Bjarke Ingels said of his design: 'The concept is simple: as you travel deeper into a maze, your path typically becomes more convoluted. What if we invert this scenario and create a maze that brings clarity and visual understanding upon reaching the heart of the labyrinth?' From outside, the maze's cube-like form hides the final reveal behind its 18-foot-tall walls. On the inside, the walls slowly descend towards the center which concludes with a grand reveal—a 360 degree understanding of your path in and how to get out." (Source: The National Building Museum)
I gotta say, we thought the maze was pretty cool! And given our family's architecture and engineering ties, we found the National Building Museum fascinating! The Building Museum, designed by Montgomery Meigs, was constructed in 1882-1887, and the 75 foot corinthium columns in the Great Hall are amongst the tallest in the world. Even cooler, Mr. Meigs proposed using some of these columns to store information "of interest to historians or antiquarians of the age when ruins of this building are opened to the curious." A collection of maps, reports, records, newspapers and a copper facsimile of the Declaration of Independance were among the documents enclosed in 20 columns in 1883. So the columns are time capsules!

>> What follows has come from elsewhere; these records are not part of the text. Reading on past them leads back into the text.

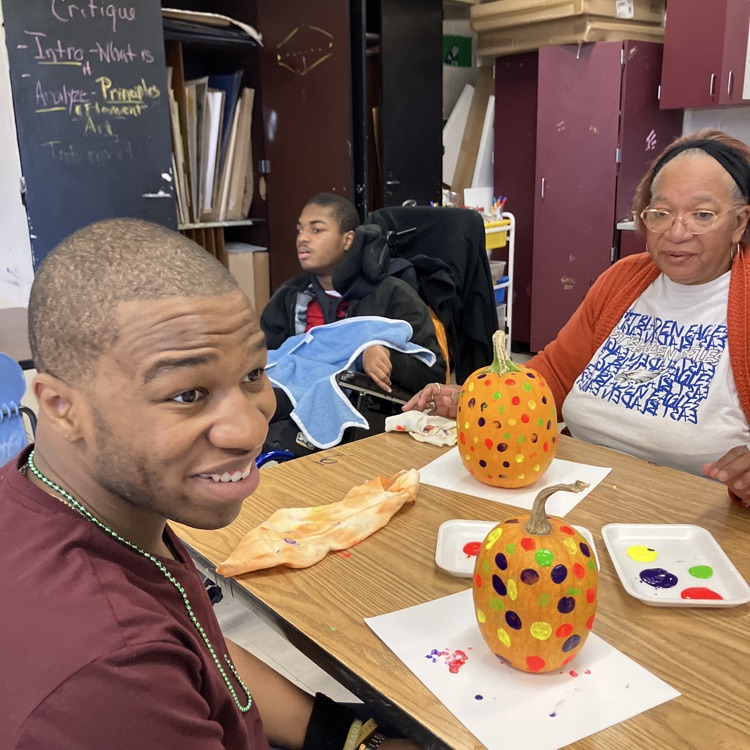 two students sitting and a teaching standing, all smiling, in an art room with paint a dotted pumpkins on the table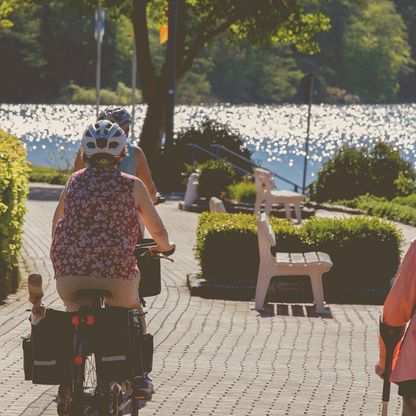 Radfahrer fahren auf den in der Sonne glitzernden Dieksee zu. 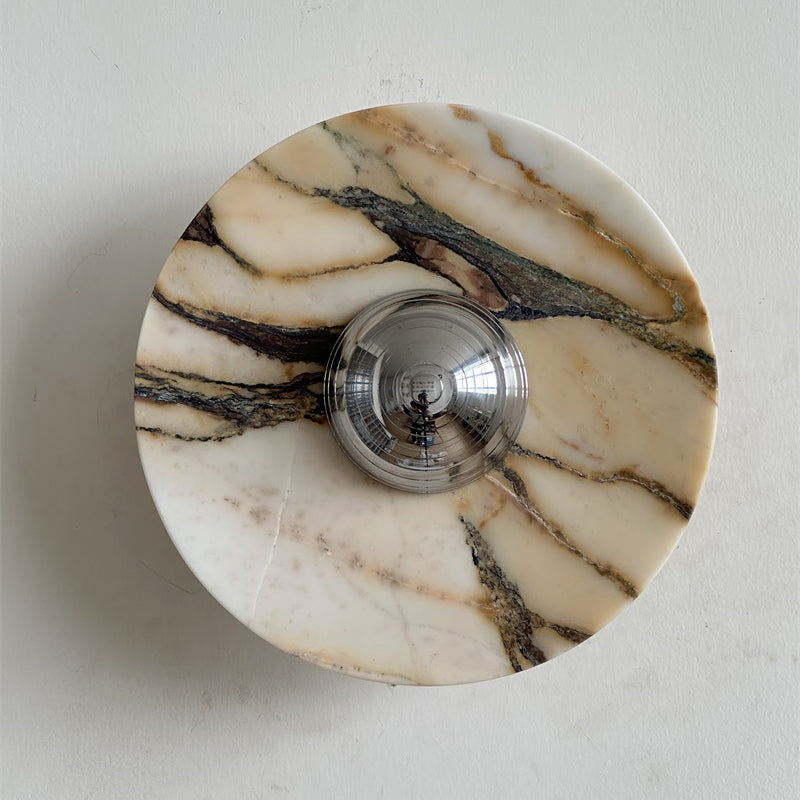 A Clérachic marble wall light in warm cream stone with thick gold and dark brown ribbons crossing its face, around a chrome dome.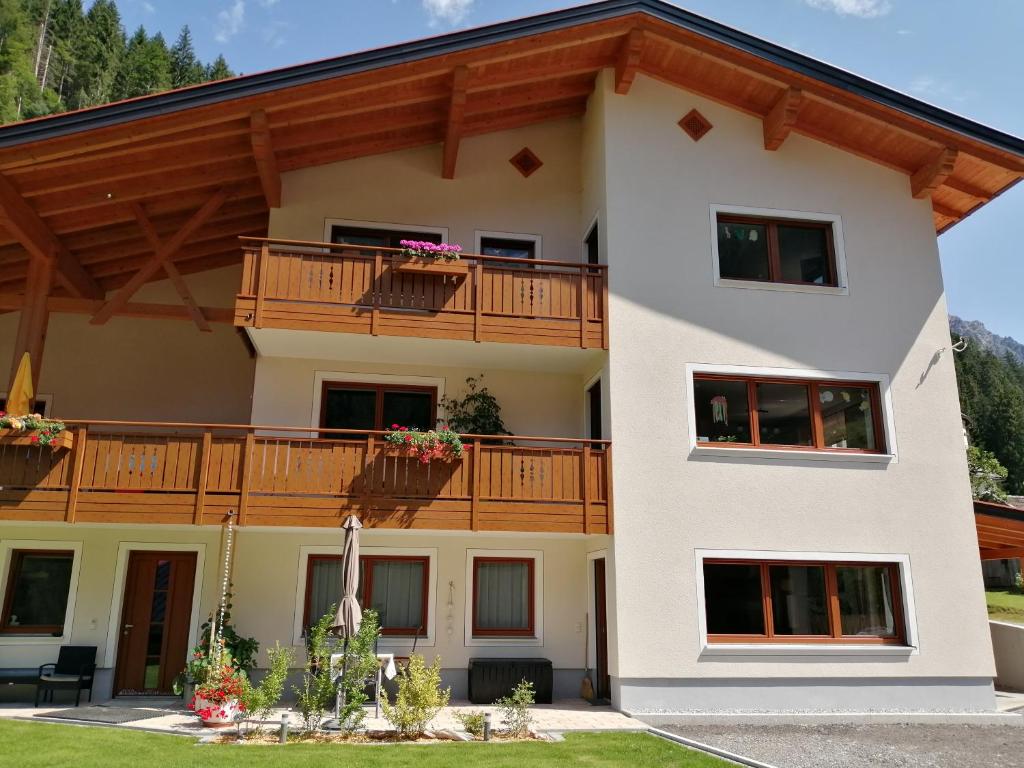 a large house with a balcony and a patio at Ferienwohnung Kaufbeurerhausblick in Hinterhornbach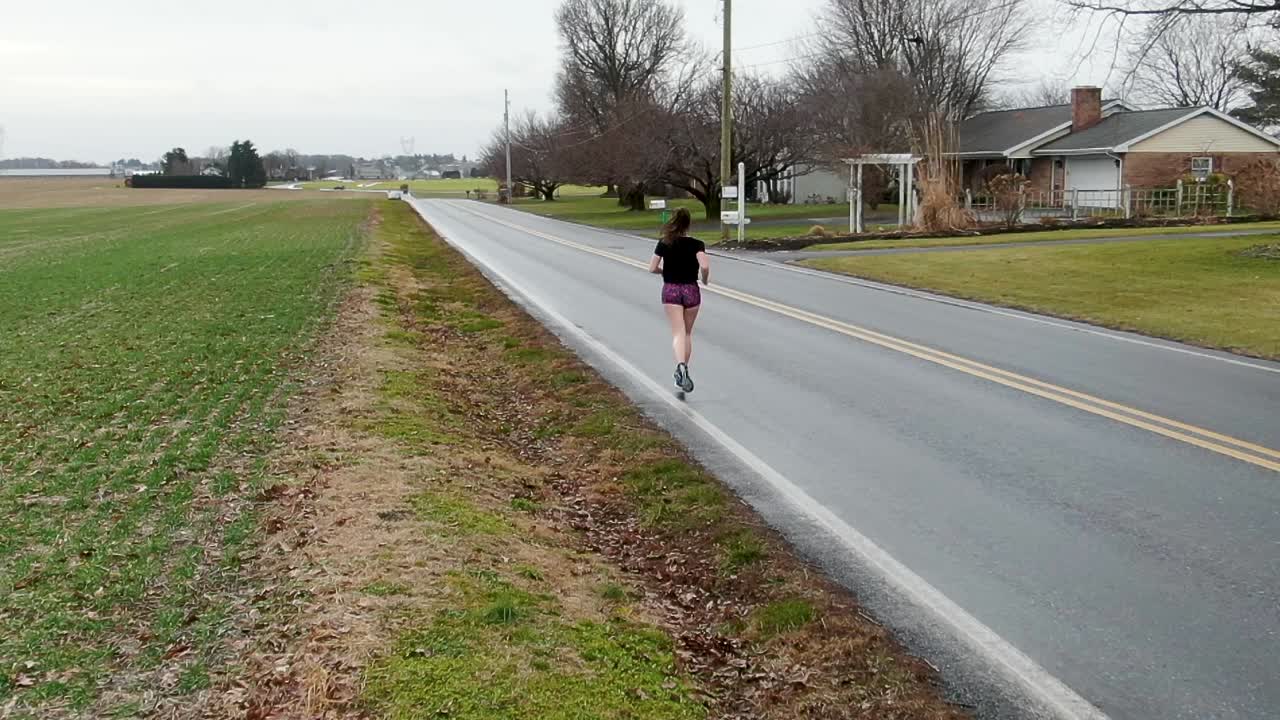 Cardio workout, grit and determination of a young woman running, exercise, training, mental health theme, freedom in USA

Along with The Big Maze, current exhibits include:
--"Designing for Disaster" (which showcases some of the innovative new ways that building design can reduce our risk and increase our resiliency to the most destructive forces of nature (floods, fire, hurricanes and earthquakes). My kids really enjoyed building small house replicas and putting them in the wind tunnel to see if their design could withstand category 5 storm winds.
--"House and Home" which takes visitors on a tour of houses, objects and models of American domestic life and residential architecture from the last 3 centuries.
--"Play, Work, Build": a hands-on exhibit where kids and adults alike are encouraged to let their imaginations run wild and build with large scale blocks. Here you can create tall towers, houses, and even your own castle! This exhibit also features a selection of architectural and construction toys from the museum's collection.
Looking for more cool things to do in DC?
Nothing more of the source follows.